PORTLAND — A national group opposed to same-sex marriage went before Maine’s Supreme Judicial Court on Thursday to make a final appeal for the right to keep donor records from state officials.

However, the contributors’ names could become public within a few months regardless of the court’s decision.

The group, the National Organization for Marriage, has fought for more than three years to keep confidential the list of donors who helped bankroll its 2009 ballot campaign that overturned a state law allowing same-sex couples to marry.

NOM has waged its legal fight on two fronts — in state court as well as federal court. It has already lost the federal case.

NOM was the largest donor to the 2009 campaign, giving $1.9 million to Stand for Marriage Maine, a political action committee that helped overturn legislation that would have legalized same-sex marriage in the state.

Maine’s ethics commission has been investigating whether NOM violated the state’s disclosure law by failing to register and file reports regarding fundraising and spending in the 2009 campaign, and it has argued that NOM has stonewalled the commission ever since.

The U.S. Supreme Court refused in October to hear NOM’s appeal of the Maine law that would require the group to name its contributors. As a result, NOM was forced to release one list of donor names in January to the state ethics commission. The panel is barred from releasing the names before it completes its investigation of NOM’s refusal to comply.

Meanwhile, Maine’s high court has also refused to delay the release by NOM of donors who contributed $5,000 or more, a group covered by separate language in Maine’s disclosure law.

NOM has complied with the latter requirement by releasing a second list of donations to the commission with the names of individual donors listed as “John Does,” according to Indiana-based attorney Kaylan Phillips, who represents NOM.

The release of records has allowed Maine’s ethics commission to pick up its investigation into whether NOM violated state campaign law, said Jonathan Wayne, executive director of Maine’s ethics commission. However, state officials are barred from publicly releasing donor names while the investigation is ongoing, he said.

Wayne said he expects the investigation will conclude in two to three months. Depending on what the investigation finds, the list of NOM donors could be made public then, he said.

“The matter has been the subject of a lot of litigation, and that could continue after the commission reaches its decision,” Wayne said. “I don’t know what the commission’s determination will be. It’s premature to say what will or will not be released.”

During oral arguments Thursday, Chief Justice Leigh Saufley questioned whether NOM was making the same arguments before the state court that it made in federal court, where it has already lost its bid to shield names.

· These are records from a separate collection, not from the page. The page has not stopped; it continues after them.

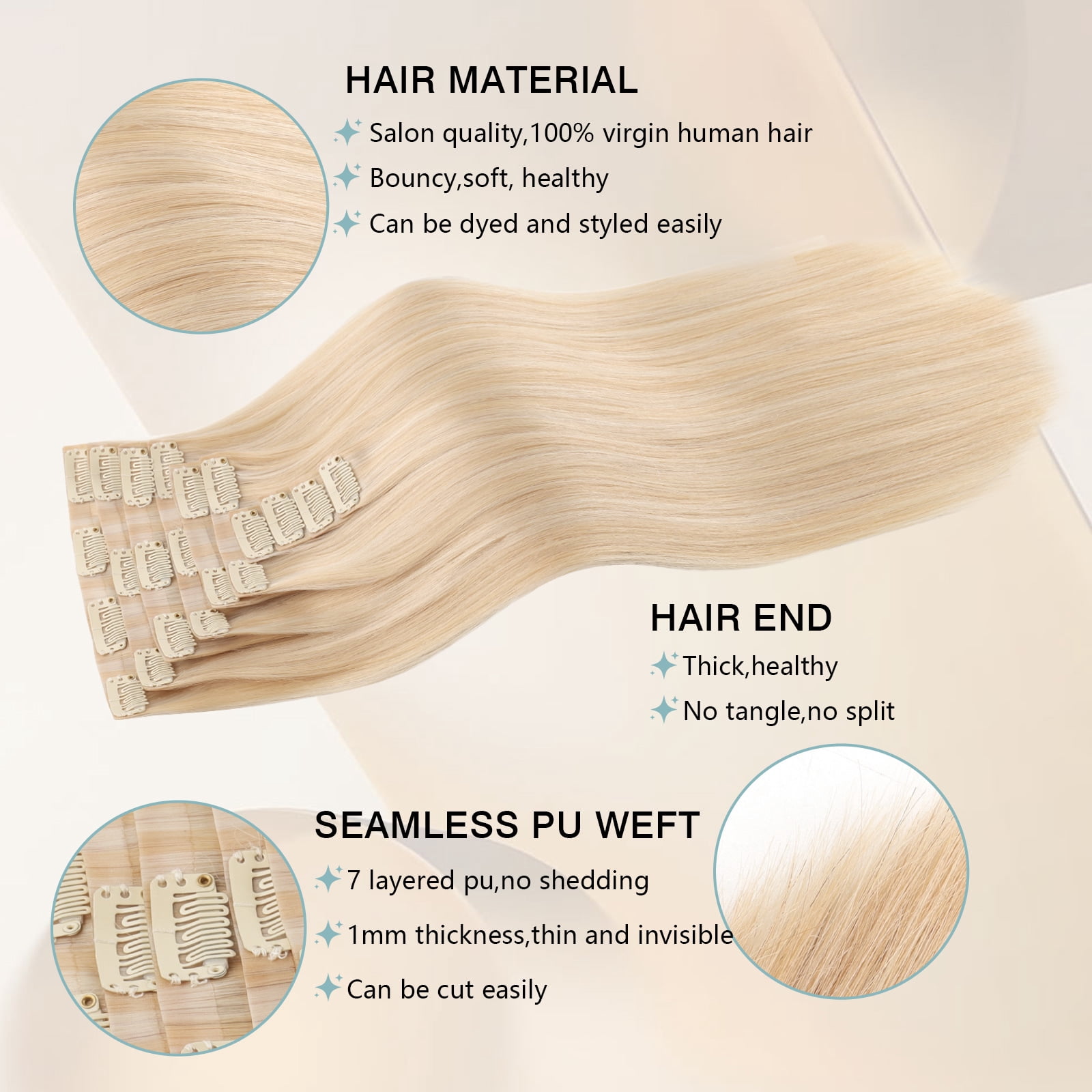PU Clip In Hair Extensions P18/613# 240g 22inch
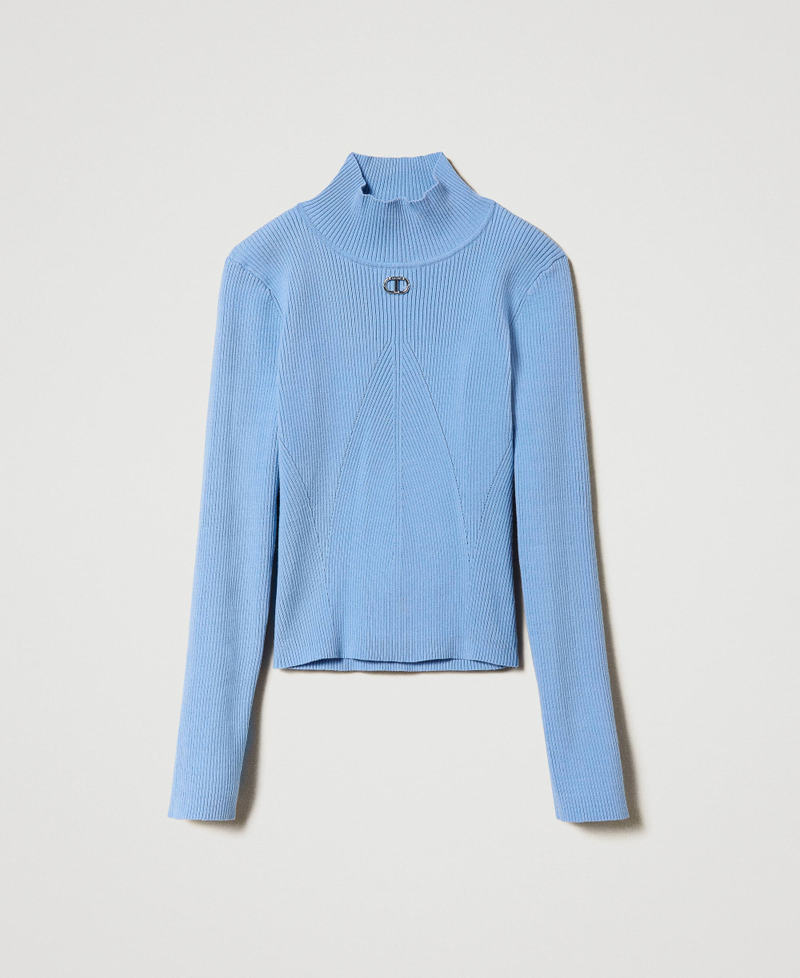 Ribbed turtleneck jumper with logo Frozen Fjord Light Blue Girl 242GJ3190_11732_S0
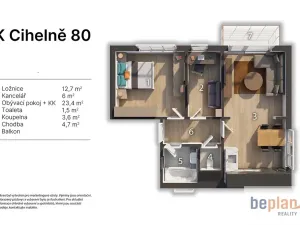 Pronájem bytu 3+kk, Zlatníky-Hodkovice, K Cihelně, 53 m2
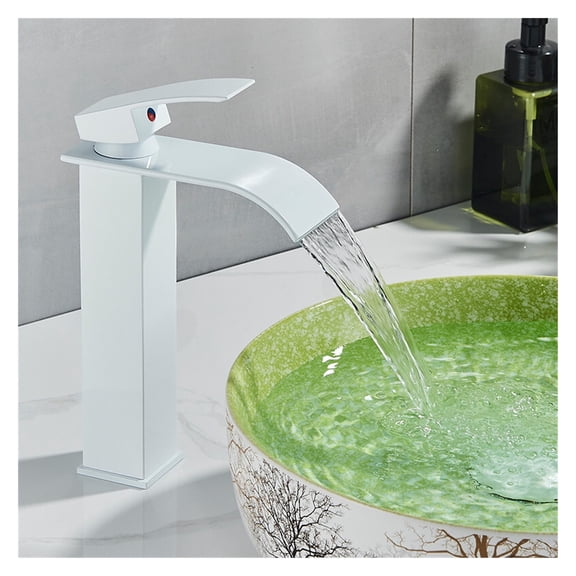 Waterfall Square Bathroom Basin Faucet Brass Material Surface Blackened Deck Installation Hot and Cold Water Basin Sink Faucet ,Easy to Use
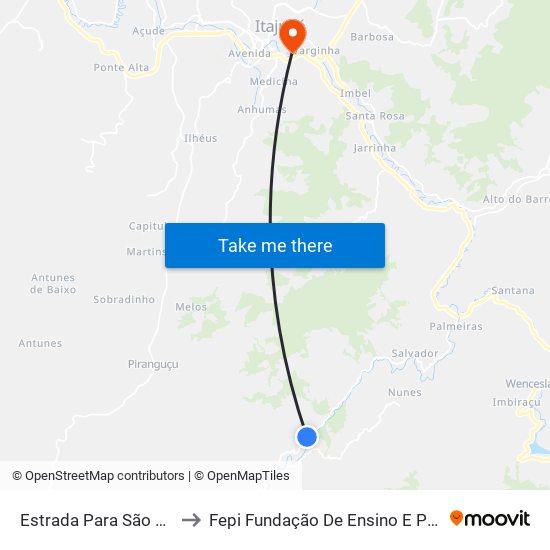 Estrada Para São Bernardo, Sul to Fepi Fundação De Ensino E Pesquisa De Itajubá map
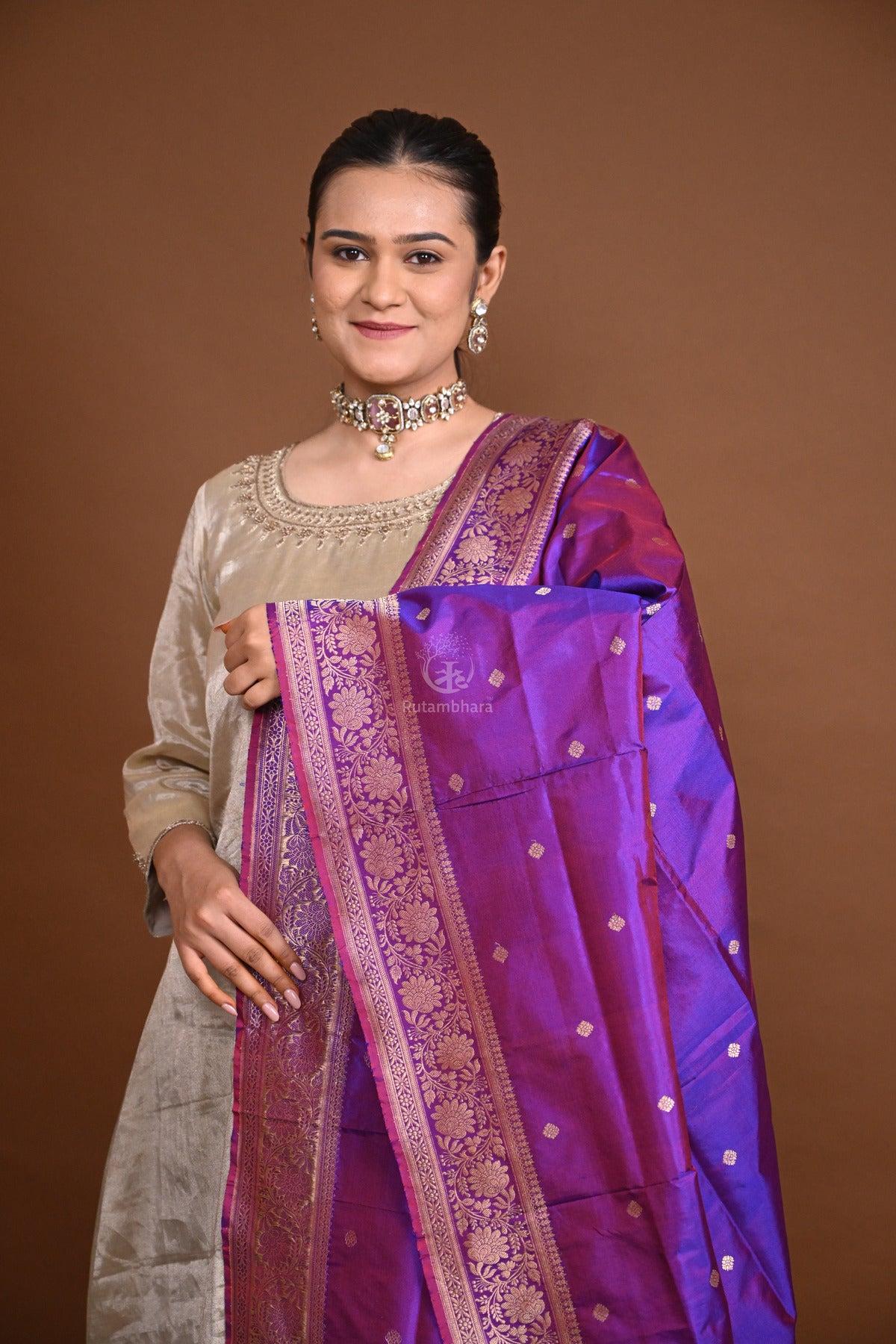 Noushk - Violet Handloom Banarasi Silk Dupatta with Gold Zari border and small buttas.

“Why is this not moot?” Saufley asked.

Phillips, NOM’s attorney, argued that NOM should not be considered a political action committee under Maine law and that the First Amendment protects the national organization from having to reveal donor information.

If the ethics commission had the names and addresses of donors, Phillips said, it could contact them and question them, in violation of their constitutional rights to be free from harassment and have privacy in their associations.

Saufley said NOM is effectively saying “trust us” that there was no violation of campaign rules.

“That’s not how litigation works in the United States. They have a right to test the credibility of the person saying ‘trust us.’ How can they do that without asking the donors what was the communication with NOM?” Saufley asked.

Saufley was one of six justices who sat in on Thursday’s arguments. The court made no immediate decision on the appeal.

Maine voters approved same-sex marriage in November in a statewide referendum. The law went into effect in December.